Writing Graph Patterns
This page discusses some good practices for writing graph patterns.
How to handle redundant variables if they are required in a graph pattern
This is a common pitfall, so we recommend having a look at this section!
Let's take the following graph pattern as an example, which defines a device which measures a property, and the type of that property.
?device <https://saref.etsi.org/core/measuresProperty> ?property .
?property a ?propertyType .
This graph pattern contains three variables: device
, property
and propertyType
.
What should you do when you are only interested in device
and propertyType
, but not in property
?
This case often occurs and a common pitfall is that people replace the property
variable by a placeholder individual,
e.g. : http://example.org/property#property
.
The resulting pattern would then look like this:
?device <https://saref.etsi.org/core/measuresProperty> <http://example.org/property#property> .
<http://example.org/property#property> a ?propertyType .
However, this causes a problem. Let's distinguish between syntax and semantics here. The graph pattern above is syntactically correct, and is accepted by the Knowledge Engine. However, there is some difficulty with the semantics that it expresses.
Imagine the following binding set:
{
"device": "<sensor1>",
"propertyType": "saref:Motion"
},
{
"device": "<sensor1>",
"propertyType": "saref:Smoke"
},
{
"device": "<sensor2>",
"propertyType": "saref:Energy"
}
If we combine the above Graph Pattern with the above BindingSet, we get the following RDF triples:
<sensor1> <https://saref.etsi.org/core/measuresProperty> <http://example.org/property#property> .
<http://example.org/property#property> a saref:Motion .
<sensor1> <https://saref.etsi.org/core/measuresProperty> <http://example.org/property#property> .
<http://example.org/property#property> a saref:Smoke .
<sensor2> <https://saref.etsi.org/core/measuresProperty> <http://example.org/property#property> .
<http://example.org/property#property> a saref:Energy .
Now, if we draw these triples as a graph, we get something like:
While we had 6 RDF triples, we only see 5 edges in this figure!
This is caused by the fact that the 1st and 3rd triple of the graph pattern above are exactly the same and triples can only occur once in a graph.
So, if you write them twice, they will still only occur once.
So, by using a fixed individual for property
in the graph pattern, it becomes semantically impossible to determine that sensor1
is measuring the property Motion and Smoke, while sensor2 is measuring Energy!
Therefore, while using a fixed property is syntactically correct, it is semantically incorrect.
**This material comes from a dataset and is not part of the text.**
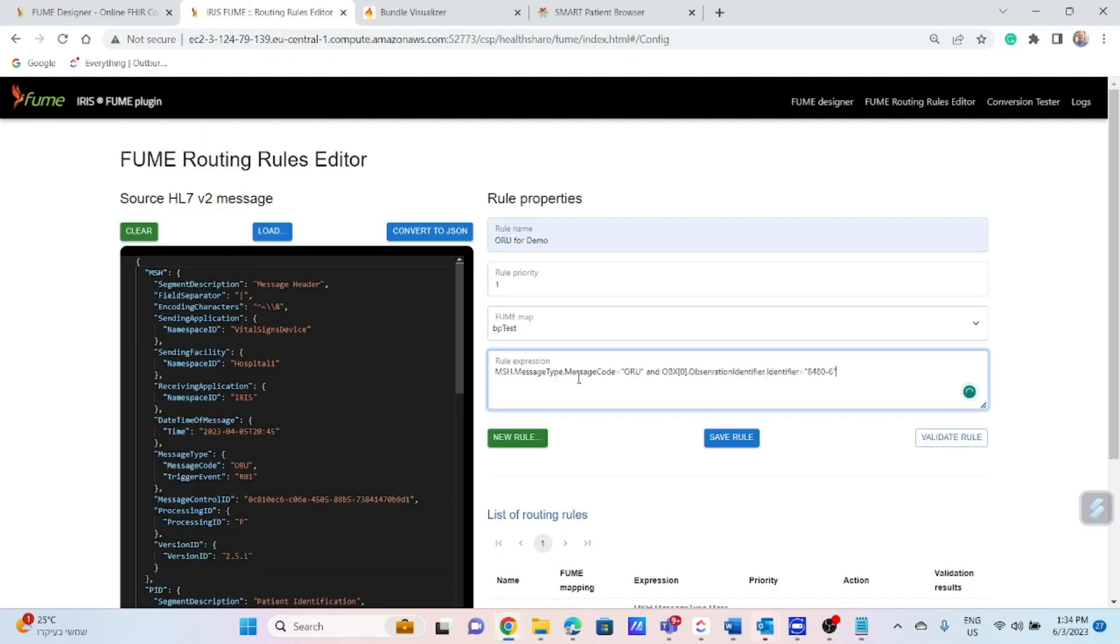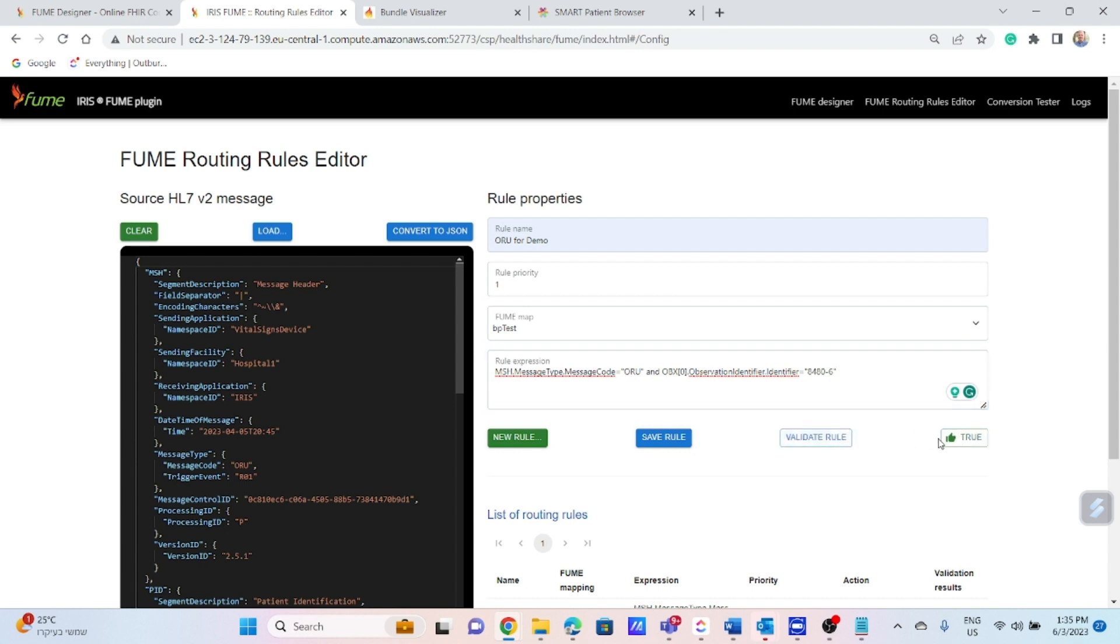In our case, we will base our rule on the message type and blood pressure observation code. Now, the last step, we can validate the rule, make sure that our rule works in an appropriate way and save the rule.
Using a fixed property in the current version of the KE (with a matcher instead of a reasoner) will probably work fine and the data is exchanged as expected. This is, however, probably not the case with the future version of the KE with reasoner, because the reasoner will actually semantically interpret the graph pattern and binding set and when you ask something like:
?device <https://saref.etsi.org/core/measuresProperty> <http://interconnectproject.eu/pilots/greek/property#property> .
<http://interconnectproject.eu/pilots/greek/property#property> a saref:Energy .
This graph pattern represents the query: “give me all devices that measure energy” and it will answer with the following bindingset:
{
"device": "<sensor1>"
},
{
"device": "<sensor2>"
}
Which is not correct and is caused by the fixed property. So, there are two solutions here.
- The practical one, which I think happens quite a lot, is for the ontology to provide an individual per property.
So, you would have a
ex:motionIndividual
,ex:energyIndividual
andex:smokeIndividual
. These can be used instead of the ex:property and will make sure that it remains semantically correct. - A less practical (and philosophically debatable) one is to have a unique property individual for every property a device measures.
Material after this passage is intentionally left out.